A 3D-2D Multibranch Feature Fusion and Dense Attention Network for Hyperspectral Image Classification

Micromachines (Basel). 2021 Oct 18;12(10):1271. doi: 10.3390/mi12101271.

Abstract

In recent years, hyperspectral image classification (HSI) has attracted considerable attention. Various methods based on convolution neural networks have achieved outstanding classification results. However, most of them exited the defects of underutilization of spectral-spatial features, redundant information, and convergence difficulty. To address these problems, a novel 3D-2D multibranch feature fusion and dense attention network are proposed for HSI classification.
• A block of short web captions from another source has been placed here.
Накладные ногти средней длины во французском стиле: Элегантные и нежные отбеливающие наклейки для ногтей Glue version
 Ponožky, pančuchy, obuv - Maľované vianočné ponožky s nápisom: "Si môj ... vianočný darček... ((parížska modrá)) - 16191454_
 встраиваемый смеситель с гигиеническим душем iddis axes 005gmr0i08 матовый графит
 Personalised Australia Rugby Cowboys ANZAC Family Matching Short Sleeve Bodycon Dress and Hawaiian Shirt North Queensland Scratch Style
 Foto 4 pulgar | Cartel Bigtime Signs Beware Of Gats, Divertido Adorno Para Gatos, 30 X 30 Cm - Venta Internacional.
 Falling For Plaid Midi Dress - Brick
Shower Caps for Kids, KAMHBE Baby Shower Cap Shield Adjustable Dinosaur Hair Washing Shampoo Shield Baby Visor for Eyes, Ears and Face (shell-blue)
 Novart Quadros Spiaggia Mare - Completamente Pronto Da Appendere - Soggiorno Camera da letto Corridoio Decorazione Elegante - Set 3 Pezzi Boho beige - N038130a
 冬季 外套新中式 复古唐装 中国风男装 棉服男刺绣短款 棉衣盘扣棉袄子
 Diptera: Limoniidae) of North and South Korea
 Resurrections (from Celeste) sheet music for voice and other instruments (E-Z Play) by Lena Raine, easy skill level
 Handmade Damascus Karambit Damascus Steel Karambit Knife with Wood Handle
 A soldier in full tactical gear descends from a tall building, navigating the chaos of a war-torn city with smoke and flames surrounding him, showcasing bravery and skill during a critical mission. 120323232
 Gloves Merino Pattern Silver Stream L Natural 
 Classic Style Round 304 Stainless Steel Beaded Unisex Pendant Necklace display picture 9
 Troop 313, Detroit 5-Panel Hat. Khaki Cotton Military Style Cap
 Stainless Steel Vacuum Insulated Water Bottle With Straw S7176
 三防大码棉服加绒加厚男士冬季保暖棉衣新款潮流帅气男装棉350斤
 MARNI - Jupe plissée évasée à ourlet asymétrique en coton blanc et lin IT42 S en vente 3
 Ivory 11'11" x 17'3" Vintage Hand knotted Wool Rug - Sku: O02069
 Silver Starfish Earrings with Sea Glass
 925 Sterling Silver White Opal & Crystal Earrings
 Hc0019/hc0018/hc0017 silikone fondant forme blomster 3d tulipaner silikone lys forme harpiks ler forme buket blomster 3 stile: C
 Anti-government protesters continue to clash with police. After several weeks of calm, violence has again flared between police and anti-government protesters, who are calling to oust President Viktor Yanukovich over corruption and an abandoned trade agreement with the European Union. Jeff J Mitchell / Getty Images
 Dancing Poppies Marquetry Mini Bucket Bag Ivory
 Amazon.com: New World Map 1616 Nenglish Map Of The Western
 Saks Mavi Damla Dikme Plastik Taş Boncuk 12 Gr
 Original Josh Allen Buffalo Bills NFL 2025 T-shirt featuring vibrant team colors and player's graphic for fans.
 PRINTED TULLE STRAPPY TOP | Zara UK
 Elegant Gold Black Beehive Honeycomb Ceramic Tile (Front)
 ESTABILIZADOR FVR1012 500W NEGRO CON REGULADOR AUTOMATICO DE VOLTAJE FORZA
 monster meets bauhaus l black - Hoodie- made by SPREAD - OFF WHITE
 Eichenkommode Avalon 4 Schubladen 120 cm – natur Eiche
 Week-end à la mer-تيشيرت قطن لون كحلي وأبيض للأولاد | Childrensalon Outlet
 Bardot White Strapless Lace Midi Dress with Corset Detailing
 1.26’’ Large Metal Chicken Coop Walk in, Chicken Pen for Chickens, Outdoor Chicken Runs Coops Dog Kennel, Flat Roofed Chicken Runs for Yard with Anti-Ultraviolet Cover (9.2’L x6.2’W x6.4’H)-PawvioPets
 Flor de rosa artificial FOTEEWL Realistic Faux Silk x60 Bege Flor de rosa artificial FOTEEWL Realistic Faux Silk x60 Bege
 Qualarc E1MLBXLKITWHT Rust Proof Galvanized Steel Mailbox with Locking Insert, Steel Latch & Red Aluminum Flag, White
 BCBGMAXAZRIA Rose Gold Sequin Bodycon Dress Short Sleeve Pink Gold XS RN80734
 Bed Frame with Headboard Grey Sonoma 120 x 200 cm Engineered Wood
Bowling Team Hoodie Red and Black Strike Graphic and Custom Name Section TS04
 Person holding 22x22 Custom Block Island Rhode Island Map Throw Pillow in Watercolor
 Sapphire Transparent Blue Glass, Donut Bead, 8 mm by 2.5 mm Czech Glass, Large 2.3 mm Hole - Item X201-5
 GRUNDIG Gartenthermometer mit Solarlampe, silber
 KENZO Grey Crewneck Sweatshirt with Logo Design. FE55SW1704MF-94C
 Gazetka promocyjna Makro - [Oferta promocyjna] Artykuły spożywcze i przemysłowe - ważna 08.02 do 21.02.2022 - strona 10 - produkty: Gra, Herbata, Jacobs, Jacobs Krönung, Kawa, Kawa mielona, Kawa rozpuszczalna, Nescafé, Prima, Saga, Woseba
Specifically, the 3D multibranch feature fusion module integrates multiple receptive fields in spatial and spectral dimensions to obtain shallow features. Then, a 2D densely connected attention module consists of densely connected layers and spatial-channel attention block. The former is used to alleviate the gradient vanishing and enhance the feature reuse during the training process. The latter emphasizes meaningful features and suppresses the interfering information along the two principal dimensions: channel and spatial axes. The experimental results on four benchmark hyperspectral images datasets demonstrate that the model can effectively improve the classification performance with great robustness.

Keywords: convolutional neural network; dense attention block; hyperspectral image classifications; multibranch feature fusion.